August 27, 2014
The Process and the Product

We are apt to forget that the process we use to resolve complex policy issues can be as important as the outcome.  Failing to recognize this may keep us from reaching an optimal solution. But I have recently witnessed an approach to addressing the issues of manufactured housing that included careful process consideration and that, in addition to enhancing the success of the manufactured-housing initiative, could also serve as a model for dealing with other complex policy issues. The following description of the elements of that process is not exhaustive, but it highlights the central tenets that were discussed at a meeting the Community Development department at Federal Reserve Bank of Cleveland, Pittsburgh branch recently hosted. Its participants focused on ways to improve the health, financial security, and environmental conditions of lower-income residents of manufactured homes.

One key component of success is diversity of representation. In partnership with regional and national organizations, we convened 40 attendees from varying stakeholder groups throughout the southwest PA region, including housing professionals, social service agency workers, and manufactured-housing industry representatives, to name a few.  Although such a diversity of backgrounds and professional experience can lead to a longer introductory discussion, it reduces instances of backtracking to include other stakeholder groups.  It also allows attendees to listen to viewpoints that they may not have previously considered and to benefit from the expertise of others.

Good data is another critical element of a productive discussion.  This is important, not only to bring stakeholder groups up to speed on the issues, but also to help shape the actions that must be taken to address those issues.  The planning group sent attendees background materials before the meeting; the group began the meeting with a review of the data and research on the topic.  This was of critical importance, because manufactured housing issues may be overlooked by people working in more densely populated communities.  However, knowing that manufactured housing represents a significant proportion of housing stock—especially in rural areas and where older housing stock poses health and safety issues—was important as the group moved forward.

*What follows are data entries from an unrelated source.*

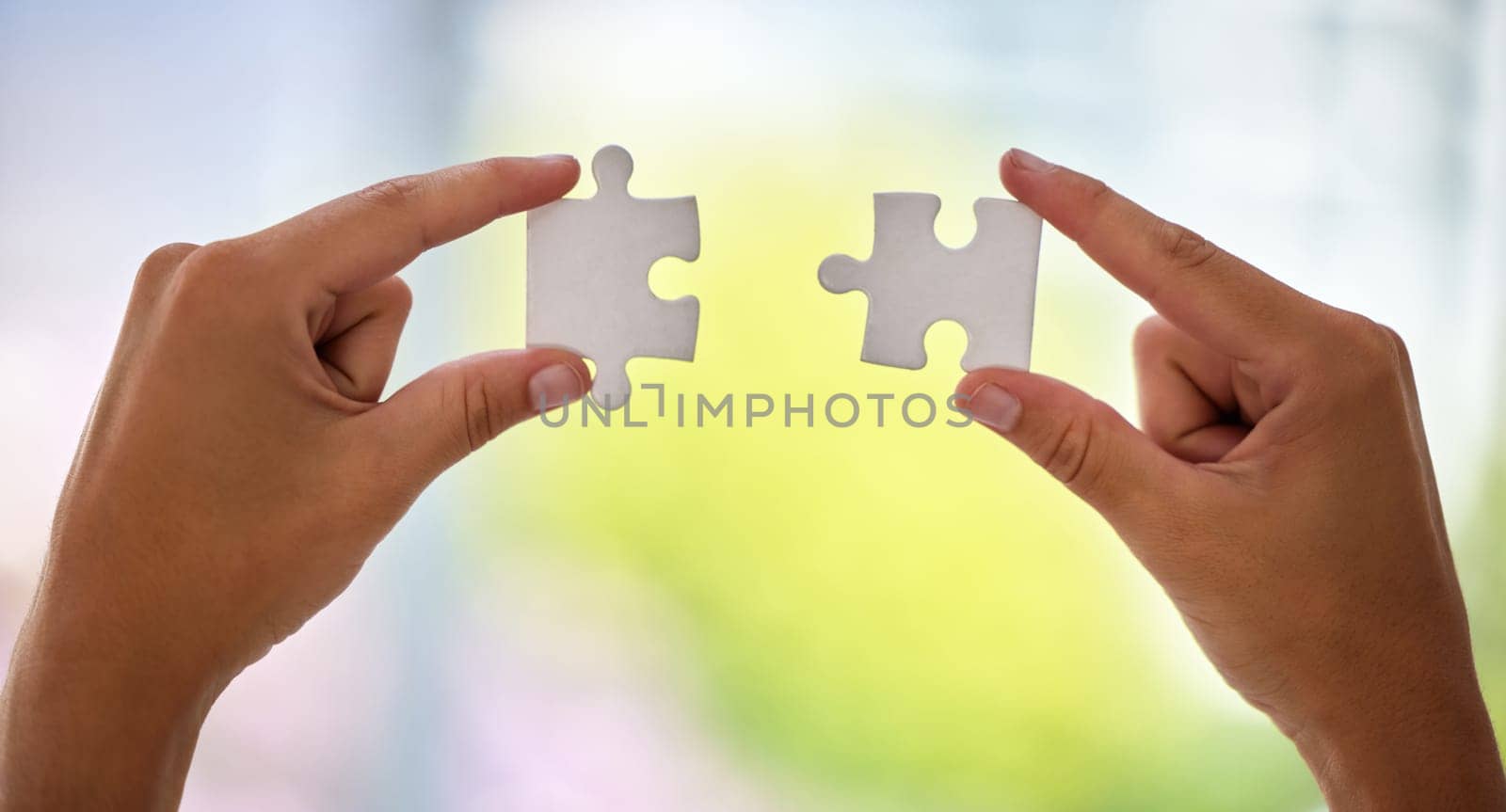 Hands, puzzle and office for business solution with connection, synergy or integration at company. Person, toys and creativity for problem solving, strategy or link with ideas for vision in workplace.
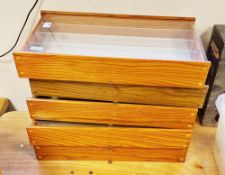 Five light oak effect wall hanging collector's display cabinets, each with clear sliding front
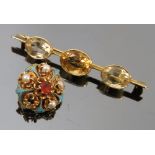 A Victorian enamel and stone set cinquefoil brooch, together with a modern 9ct gold brooch,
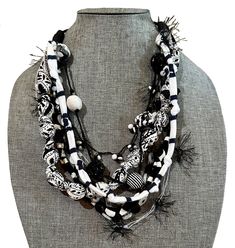 "Each one is handmade by textile designer Lynn Reiter Weinberg in her Ga. Studio using assorted black and white yarns, recycled fabrics, buttons, hand knotted fabric beads, crocheted threads and assorted handmade fiber and non-precious beads. There are a total of 7 strands all in black and white.  This light necklace is ideal for women who love the look of statement necklaces, but without the weight around their neck. Versatile and perfect for any season and any occasion. Looks great with a dres Fabric Necklaces, Black And White Necklace, Light Necklace, Fiber Necklace, Dress Business, Precious Beads, Fabric Necklace, Textile Designer, Fabric Beads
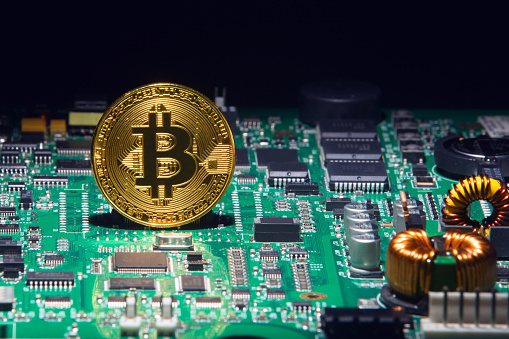 Sao Paulo, Brazil - December 08, 2017: Gold Bitcoin virtual currency on a circuit board background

Last, it is essential that participating stakeholders make organic connections with one another on the basis of interests and capacity. In one exchange during the meeting, participants discussed initiating a regional demonstration project that would use manufactured housing as infill development in urban areas. This idea had not been discussed before the meeting; it grew organically out of the discussion. Such opportunities to build on each other’s insights can lead to better policy and more effective action.

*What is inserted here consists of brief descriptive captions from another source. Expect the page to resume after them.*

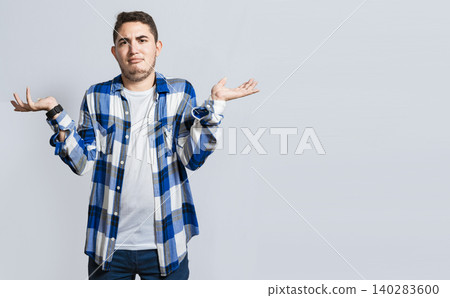 Man spreading palms, feeling clueless and uncertain, man spreading hands bewildered isolated Man spreading palms, feeling clueless and uncertain, man spreading hands bewildered isolated 140283600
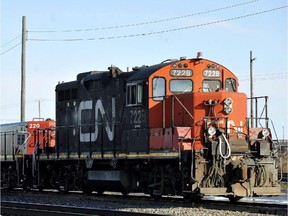 A CN locomotive goes through the CN Taschereau yard in Montreal, Saturday, Nov., 28, 2009. Canada's largest railway has received notice that one of its major unions could go on strike as early as Saturday. THE CANADIAN PRESS/Graham Hughes ORG XMIT: cpt105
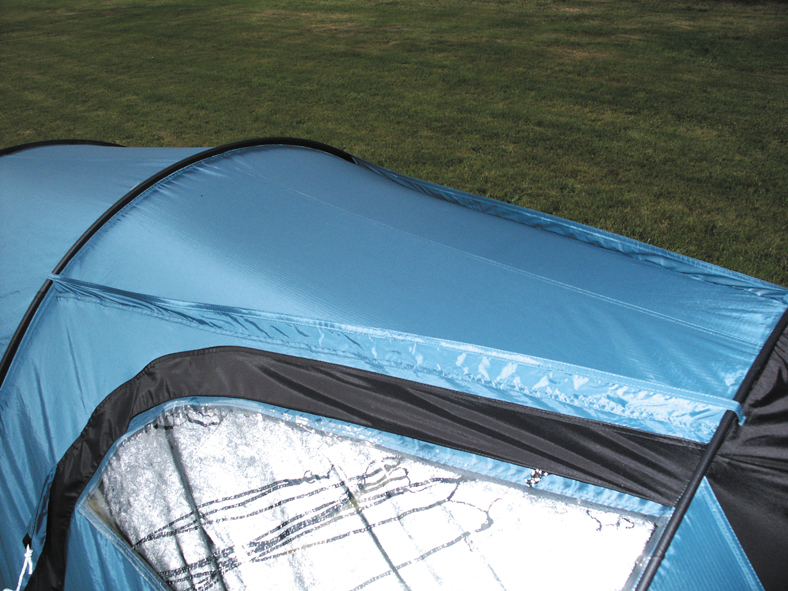 Blue tunnel tent section on a grassy lawn showing curved black poles, waterproof blue fabric and a zippered window with reflective silver inner lining and black trim.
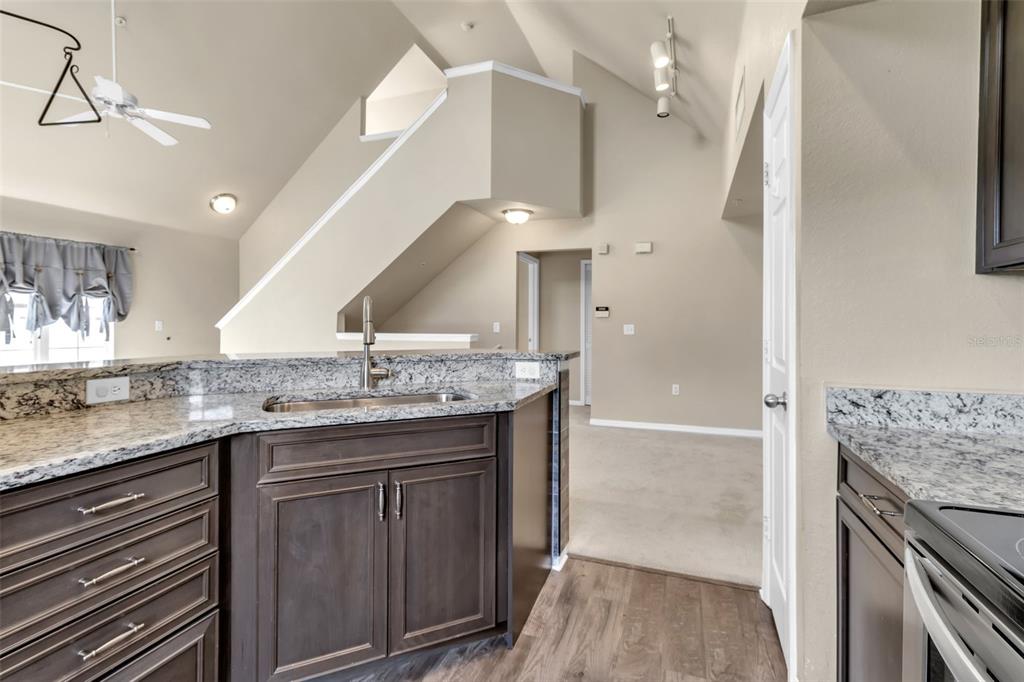 5511 Rosehill Road, Unit 203 Sarasota, FL 34233 - Photo 13 of 49 a kitchen with granite countertop a sink and a stove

This regional initiative, although still in its very early stages, is off to a good start.  This has a lot to do with the process that was used to convene the stakeholder group. In thinking about ways to address the complex issues we face, we might do well to step back and carefully consider the manner and process by which we approach such issues; after all, as Yogi Berra once remarked, we can observe a lot just by watching.

Joseph Ott
Joseph Ott
Senior Policy Analyst
Joseph, with 14 years of experience in community development, directs programming and outreach activities in western Pa., southeast Ohio, and the panhandle of West Virginia. He provides technical assistance to organizations about, for instance, credit availability and housing. (bio)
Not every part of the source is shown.